The question now is whether everyone accepts the result.
The nation could learn within days whether Mueller answered key inquiries: Did Trump cooperate with a hostile foreign power to win the 2016 election? Did he use that platform to seek to enrich himself with multi-billion dollar business deals in Russia? Did the President obstruct justice, including by firing FBI Director James Comey, in an effort to cover it all up? And is there any evidence to suggest why Trump often appears to be obedient to Russian President Vladimir Putin, following fears felt deep within the FBI that the US President was compromised?

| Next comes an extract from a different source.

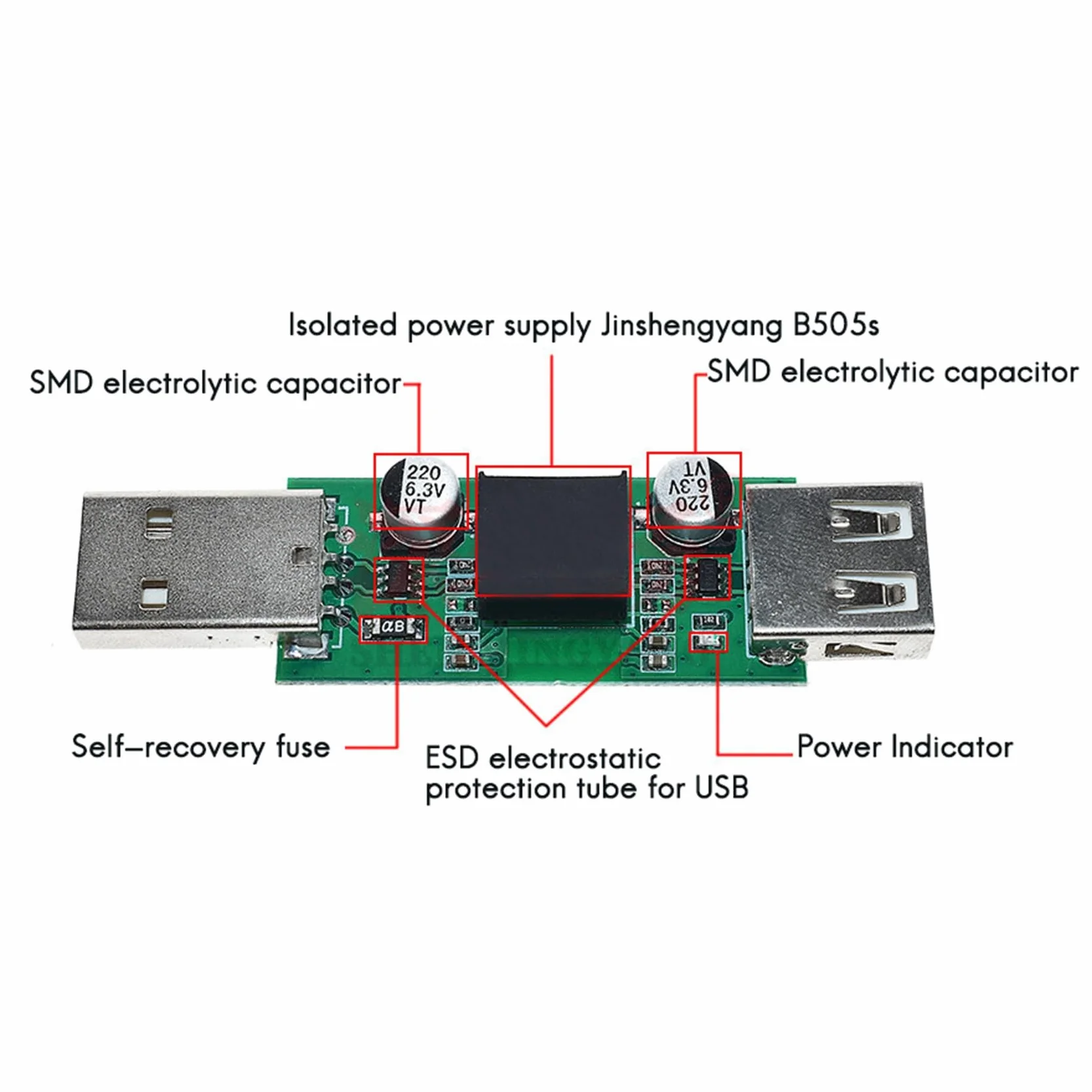 4 x izolator USB ADUM3160 USB na USB Digital Audio Signal Power Isolator Moduł obsługuje 12 Mbit/S 1,5 Mbit/S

And can he explain the multiple suspicions contacts between Trump's associates and Russians -- both before and after the election -- and the lies they all told about those relationships?
Trump's team is already celebrating, claiming it is already clear that the President has already been vindicated since Mueller did not indict anyone for cooperating with Russian election meddling.

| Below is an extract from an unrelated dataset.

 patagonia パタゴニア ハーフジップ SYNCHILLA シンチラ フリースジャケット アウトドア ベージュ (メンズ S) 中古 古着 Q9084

The lack of charges against Trump's son, Donald Jr. and his son-in-law Jared Kushner, who were involved in a 2016 Trump Tower meeting with Russians offering "dirt" on Hillary Clinton, especially disappointed his critics.
Their escape proved the shrewdness of Trump's consistent messaging that the only question that mattered in an investigation that held Washington spellbound for two years was whether there was collusion.

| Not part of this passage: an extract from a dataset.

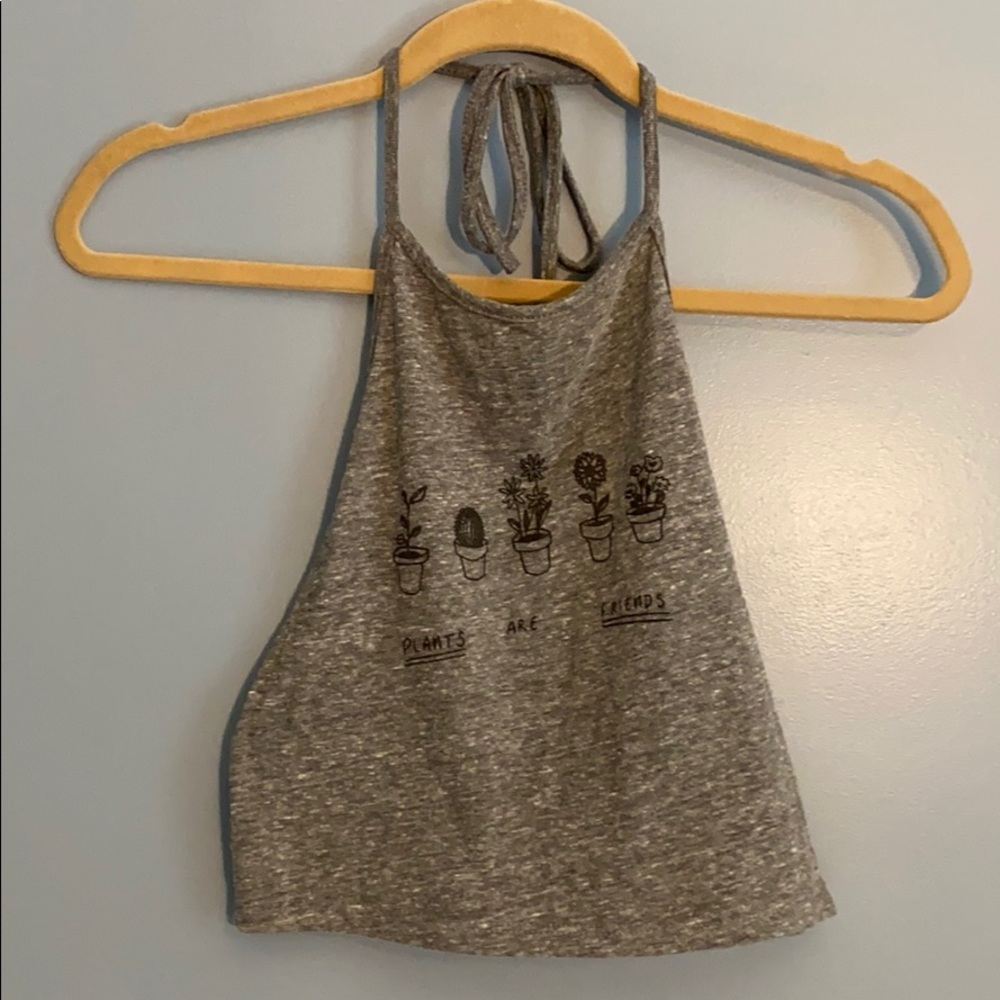 Pacsun grey halter crop top. Plants are friends. S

"The fat lady has sung," one Trump aide told CNN's Jim Acosta.
For now, consistent with Mueller's tightly controlled investigation, no one outside the Justice Department knows what is in the report, how long it is and how much it deals with the President's own actions.
But its delivery sets up an even bigger test for Washington's political institutions than those involved in getting it safely to its culmination.
So much political and emotional capital has been invested in Mueller's probe by partisans on all sides that it's already clear that it will not mark a moment of catharsis that will once and for all drain the bitter poison of the 2016 election.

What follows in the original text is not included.